--- Material for this exercise ---

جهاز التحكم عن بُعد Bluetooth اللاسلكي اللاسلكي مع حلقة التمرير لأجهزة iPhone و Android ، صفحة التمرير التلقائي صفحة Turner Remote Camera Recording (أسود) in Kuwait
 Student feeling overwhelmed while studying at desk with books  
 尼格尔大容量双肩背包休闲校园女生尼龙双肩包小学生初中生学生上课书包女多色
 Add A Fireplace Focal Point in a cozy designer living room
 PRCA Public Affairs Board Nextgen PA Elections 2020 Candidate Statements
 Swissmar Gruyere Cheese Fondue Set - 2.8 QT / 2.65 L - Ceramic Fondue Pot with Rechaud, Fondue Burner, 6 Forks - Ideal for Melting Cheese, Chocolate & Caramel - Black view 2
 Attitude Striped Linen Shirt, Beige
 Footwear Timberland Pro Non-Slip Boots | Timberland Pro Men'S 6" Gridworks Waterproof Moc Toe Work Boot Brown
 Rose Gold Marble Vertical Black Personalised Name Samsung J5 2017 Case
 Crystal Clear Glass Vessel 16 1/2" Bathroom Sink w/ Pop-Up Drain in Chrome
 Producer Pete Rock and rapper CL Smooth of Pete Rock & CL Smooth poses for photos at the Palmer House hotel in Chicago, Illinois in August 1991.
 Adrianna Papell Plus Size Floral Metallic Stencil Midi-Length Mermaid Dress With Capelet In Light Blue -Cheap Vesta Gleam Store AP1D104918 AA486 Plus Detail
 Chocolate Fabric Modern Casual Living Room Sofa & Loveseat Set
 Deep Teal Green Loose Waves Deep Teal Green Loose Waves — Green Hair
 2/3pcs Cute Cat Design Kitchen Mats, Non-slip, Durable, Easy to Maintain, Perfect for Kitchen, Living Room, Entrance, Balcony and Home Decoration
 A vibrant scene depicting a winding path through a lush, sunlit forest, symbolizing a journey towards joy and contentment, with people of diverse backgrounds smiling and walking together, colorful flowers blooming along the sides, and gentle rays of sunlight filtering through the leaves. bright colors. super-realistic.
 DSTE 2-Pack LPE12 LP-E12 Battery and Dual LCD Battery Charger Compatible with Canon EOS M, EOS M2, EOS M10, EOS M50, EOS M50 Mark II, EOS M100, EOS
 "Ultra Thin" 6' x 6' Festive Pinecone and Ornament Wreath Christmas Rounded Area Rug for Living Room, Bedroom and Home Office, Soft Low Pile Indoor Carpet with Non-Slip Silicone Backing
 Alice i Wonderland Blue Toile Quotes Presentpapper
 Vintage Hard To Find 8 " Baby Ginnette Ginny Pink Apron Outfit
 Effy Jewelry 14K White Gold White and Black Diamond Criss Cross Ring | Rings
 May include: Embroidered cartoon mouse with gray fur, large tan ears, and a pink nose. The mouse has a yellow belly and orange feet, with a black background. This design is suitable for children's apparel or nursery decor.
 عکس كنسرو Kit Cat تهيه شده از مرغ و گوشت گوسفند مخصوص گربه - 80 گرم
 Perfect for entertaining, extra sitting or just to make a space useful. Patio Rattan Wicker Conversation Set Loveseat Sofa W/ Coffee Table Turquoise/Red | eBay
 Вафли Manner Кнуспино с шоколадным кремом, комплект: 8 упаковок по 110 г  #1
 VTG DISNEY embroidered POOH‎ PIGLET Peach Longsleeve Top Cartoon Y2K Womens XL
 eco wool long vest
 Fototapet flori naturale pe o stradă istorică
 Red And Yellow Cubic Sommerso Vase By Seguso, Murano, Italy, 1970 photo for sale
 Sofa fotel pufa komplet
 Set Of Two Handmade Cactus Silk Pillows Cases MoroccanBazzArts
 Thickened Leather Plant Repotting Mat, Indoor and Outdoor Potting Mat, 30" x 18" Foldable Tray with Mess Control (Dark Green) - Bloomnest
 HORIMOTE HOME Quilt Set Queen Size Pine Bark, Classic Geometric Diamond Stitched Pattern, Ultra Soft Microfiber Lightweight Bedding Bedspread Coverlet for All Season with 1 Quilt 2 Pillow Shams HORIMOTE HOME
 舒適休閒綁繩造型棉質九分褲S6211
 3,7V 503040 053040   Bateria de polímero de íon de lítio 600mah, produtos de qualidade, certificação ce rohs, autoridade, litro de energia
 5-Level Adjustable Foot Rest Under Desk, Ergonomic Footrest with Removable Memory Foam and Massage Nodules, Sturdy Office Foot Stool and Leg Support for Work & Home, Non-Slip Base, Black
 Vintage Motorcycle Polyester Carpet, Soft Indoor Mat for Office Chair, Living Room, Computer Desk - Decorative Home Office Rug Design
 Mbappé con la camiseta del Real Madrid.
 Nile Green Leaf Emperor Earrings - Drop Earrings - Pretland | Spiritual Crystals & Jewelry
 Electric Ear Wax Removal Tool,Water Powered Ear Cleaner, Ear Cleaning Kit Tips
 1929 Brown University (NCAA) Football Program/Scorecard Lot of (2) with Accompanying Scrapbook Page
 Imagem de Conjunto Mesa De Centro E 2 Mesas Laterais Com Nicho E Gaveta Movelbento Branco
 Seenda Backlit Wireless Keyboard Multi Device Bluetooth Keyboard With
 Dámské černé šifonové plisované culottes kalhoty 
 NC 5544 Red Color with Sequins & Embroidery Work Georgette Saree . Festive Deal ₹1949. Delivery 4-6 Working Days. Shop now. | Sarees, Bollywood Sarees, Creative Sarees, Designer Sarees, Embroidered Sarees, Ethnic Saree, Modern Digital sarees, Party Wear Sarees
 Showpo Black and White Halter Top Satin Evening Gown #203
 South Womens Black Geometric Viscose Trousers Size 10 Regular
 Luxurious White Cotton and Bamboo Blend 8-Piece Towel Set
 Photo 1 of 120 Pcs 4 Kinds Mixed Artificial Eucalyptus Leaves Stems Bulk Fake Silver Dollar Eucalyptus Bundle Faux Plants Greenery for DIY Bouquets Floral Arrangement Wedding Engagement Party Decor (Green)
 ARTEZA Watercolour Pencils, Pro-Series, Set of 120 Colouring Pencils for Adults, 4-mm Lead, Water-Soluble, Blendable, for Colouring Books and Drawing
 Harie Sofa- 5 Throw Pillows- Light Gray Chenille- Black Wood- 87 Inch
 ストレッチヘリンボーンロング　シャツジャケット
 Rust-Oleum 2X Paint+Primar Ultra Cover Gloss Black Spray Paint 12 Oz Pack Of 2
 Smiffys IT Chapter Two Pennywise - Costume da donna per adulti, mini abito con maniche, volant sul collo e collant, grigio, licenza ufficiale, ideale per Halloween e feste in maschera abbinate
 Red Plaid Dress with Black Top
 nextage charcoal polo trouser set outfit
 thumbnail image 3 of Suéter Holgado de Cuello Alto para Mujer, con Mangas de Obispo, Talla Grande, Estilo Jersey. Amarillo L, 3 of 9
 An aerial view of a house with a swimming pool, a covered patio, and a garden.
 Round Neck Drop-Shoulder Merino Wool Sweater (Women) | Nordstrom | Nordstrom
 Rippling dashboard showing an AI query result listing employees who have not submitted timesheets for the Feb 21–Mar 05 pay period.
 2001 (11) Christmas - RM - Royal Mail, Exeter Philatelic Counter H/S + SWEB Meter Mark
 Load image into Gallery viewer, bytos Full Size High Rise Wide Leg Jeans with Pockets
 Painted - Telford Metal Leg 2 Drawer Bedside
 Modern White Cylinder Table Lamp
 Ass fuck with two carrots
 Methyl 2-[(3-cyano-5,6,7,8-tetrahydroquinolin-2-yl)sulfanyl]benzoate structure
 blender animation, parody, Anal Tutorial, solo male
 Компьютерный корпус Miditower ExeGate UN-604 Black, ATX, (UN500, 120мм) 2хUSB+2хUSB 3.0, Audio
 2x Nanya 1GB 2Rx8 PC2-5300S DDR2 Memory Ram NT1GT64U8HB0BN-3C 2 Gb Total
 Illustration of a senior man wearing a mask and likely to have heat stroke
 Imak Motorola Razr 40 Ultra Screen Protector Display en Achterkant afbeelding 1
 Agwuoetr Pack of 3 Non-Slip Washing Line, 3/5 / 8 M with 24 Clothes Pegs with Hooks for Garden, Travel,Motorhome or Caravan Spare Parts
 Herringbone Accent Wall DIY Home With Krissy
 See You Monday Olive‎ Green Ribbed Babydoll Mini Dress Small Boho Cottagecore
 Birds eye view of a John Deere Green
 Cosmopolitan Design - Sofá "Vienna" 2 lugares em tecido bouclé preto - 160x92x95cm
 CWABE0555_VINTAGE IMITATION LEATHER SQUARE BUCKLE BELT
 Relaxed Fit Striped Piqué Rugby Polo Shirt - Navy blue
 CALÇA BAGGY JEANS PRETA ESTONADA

---

— Work order —
Examine the listing line by line and give the number of lines where "Festive" occurs, with nothing added.

— Output —
2